Single issues, lacking spines, and thus unshelvable, are laid out on a full wall (kids’ section on a flat, wide shelf below). The covers are easily visible and free to catch the eye, unlike the place I used to go where they used sloped magazine display racks; title visible, but very little else to evaluate without reaching out to grasp’em. In this shop you, and I, can see everything the creative team and publisher chose to put on the front of the book (and that’s important, for making the decision to buy, which is a reason I dropped off from Big Two custom—covers lie a lot, there).
I walked out with four single issue comics: Kennel Block Blues, one of four in a creator owned mini-series from Ferrier, Bayliss, Metcalfe, and Bell via BOOM!, and three issues of Marvel’s The Vision by King, Walter, Bellaire, and Cowles. The latter I’ve heard non-stop good buzz on from what seems like all angles, and the previews I’d seen kept up the colour cues of the covers; the former I never heard of, but it looks like free candy.
You can see a basic overlap in the appeal here: jewel toned rainbow wheels, strong use of pink, a caricatured, retro feel. I picked up Kennel Block Blues first, and maybe that tipped me on the Vision issues—they accompany it nicely, create a sort of landing pad. There’s something missing from the pallet on the Vision colours (I assume this is on purpose—it certainly builds a viable aesthetic for the themes of the book). The Jessica Jones shilling patch actually benefits the first issue visually, grounding the image like the purple dead body does for issue three. KBB’s cover is split three ways with a greater dedication to colour blocking. The blue shirt just below centre is pulled upwards by the blue above the title and weighted downwards by the darker trousers and light-again shoes, and pulls the eye from left to right by being a primary contender against the left-hand red, and a conceptual contender (but tonal conspirator) to the pink on the right. Then you take another pass as the characters on the bottom level interest you. Your eyes are all over this thing! Combine that with the confident, pliable line-work (that already shows range before the book’s even open) and Michelle Ankley‘s excellent and equally as well weighted logo, and this cover says BUY ME BUY ME FIND OUT WHAT’S INSIDE ME. So: I did.
I liked The Vision. I thought that it was good. I didn’t think it was great. Kennel Block Blues, though—great comic! Who’s a great comic! You are! You are! You’re a very good comic! Happily enough, these opinions come from very comparable reasons. The Vision doesn’t do anything new, and Kennel Block Blues does.

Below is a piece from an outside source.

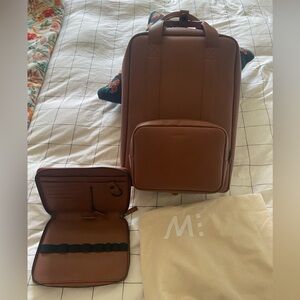 Monos Metro Travel Work Backpack Mahogany Vegan Leather Like New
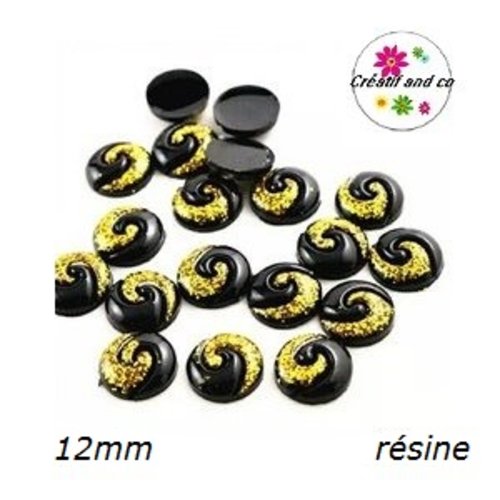 X2 cabochons noirs et dorés résine 12mm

The Vision‘s premise is summed up very easily, and it’s so easy because it’s recognisable. “Aliens must pretend to be normative humans!” Or, “The robot thinks it’s people! And … just maybe … it is.” The creative team puts Vision in a midlife crisis, a 1950s American Dream unchanged: He’s been given a new job, and it’s basically a step down, but it looks good to outsiders, and his family has to adjust to school and social matters in a new neighbourhood. The Vision is now a father to two teen synthezoids, and husband to another one. He made his wife and he made his children and he’s Going to Make This Work, Damnit. King uses the synth-person allegory well, giving Vision’s homemade wife a psyche based on his human ex-wife Wanda’s. Vision’s own persona is and always has been a copy of Wonder Man’s; Wonder Man was Wanda’s other half before Vision was. It’s all very we-are-the-ones-who-shaped-us; it’s neat and makes good drama. The characters have emotional lives and insecurities that are well described in science fiction terms and easily understandable in human ones.
The Vision is a well-scripted, well structured, well-illustrated example of a number of common templates. Even if you’ve never read a cyborg story or a fish-out-of-water alien allegory, you’ve heard stories where husbands go to work and wives stay at home and kids have trouble at school. You’ve read men wondering if they really love their wife or get the respect they deserve from the world, women deciding how heavily they should rely on the men who keep them, dependent children caving under pressure from a disrupted homelife. You’re up for reading it again, sure, but maybe you don’t find it relevant enough to love it madly when you do. Being made in the image of your lover’s ex is a solid avenue of feminist cyberphilosophy, but “middle class suburban American housewives are [treated] like inauthentic copies of real people: discuss” is so old Sam Becket had to go back in time to find a woman to whom this was new. In 1991.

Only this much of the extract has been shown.